Being a full-blown C++ parser means that we're way slower than the simple lupdate/classic. And people even complained about performance issues of _that_.

lupdate/clang does not see all of the code

Being a full-blown C++ parser, including a real C preprocessor, lupdate/clang can only see the code that is compiled for the current platform.

On the other hand, lupdate/classic can extract all these translatable strings:

  #if defined(Q_OS_WIN) 
      show(tr("I'm on Windows!")); 
  #elif defined(Q_OS_LINUX) 
      show(tr("I'm on Linux!")); 
  #else 
      show(tr("I'm on some other OS!")); 
  #endif 

This is an unfixable behavior difference.

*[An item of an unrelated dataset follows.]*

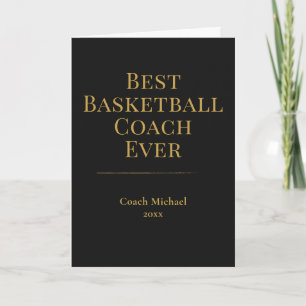 Best Basketball Coach Ever Elegant Black Gold Thank You Card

The only thing we can do is to document this behavior and fix Qt and Qt Creator to move all translatable strings out of platform-specific code paths. But personally, I have the feeling that this is a no-go for an internationalization tool.

lupdate/clang is not used by anyone

Because of the above points, lupdate/clang has no users outside of our CI to our knowledge.

Do we actually need a full-blown C++ parser in lupdate?

To answer this question, we must understand what the C++ parser is used for: retrieving the context of the translatable string.

In the following code, lupdate extracts the string "Hi there!" and determines that it's in the context PreferencesDialog.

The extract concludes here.